代表者 : 釜江 陽一
東京大学大気海洋研究所の渡部雅浩教授、筑波大学生命環境系の釜江陽一助教らの研究チームは、気候システムおよび大気のエネルギー収支に関する考察から、大気下層の雲の変化が 2 つの感度を関連付けるという仮説を提唱し、それを東京大学・国立環境研究所などで共同開発された日本の気候モデルである MIROC5.2を用いたシミュレーションで確かめました。

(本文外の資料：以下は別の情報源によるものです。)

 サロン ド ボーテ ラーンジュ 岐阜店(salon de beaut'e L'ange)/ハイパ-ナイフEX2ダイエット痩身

この新しく特定されたメカニズムでは、下層雲が温暖化時に減少すると日射の反射が減少することで正の雲フィードバックをもたらし、平衡気候感度が大きくなる一方、大気から出てゆく余剰な赤外エネルギーも減少するために、大気のエネルギーバランスから降水量の増加が小さくなります。シミュレーションから、こうした平衡気候感度と水循環感度の反比例関係が明瞭に見出されました。さらに、CMIP5 の 25 の気候モデルでも、同様の雲の働きがあることが分かりました。これに、衛星観測による放射データを組み合わせることで水循環感度を制約することを試み、降水量の増加は CMIP5 気候モデルのシミュレーションから直接推定される値よりも約 30%も小さくなるという結果が得られました。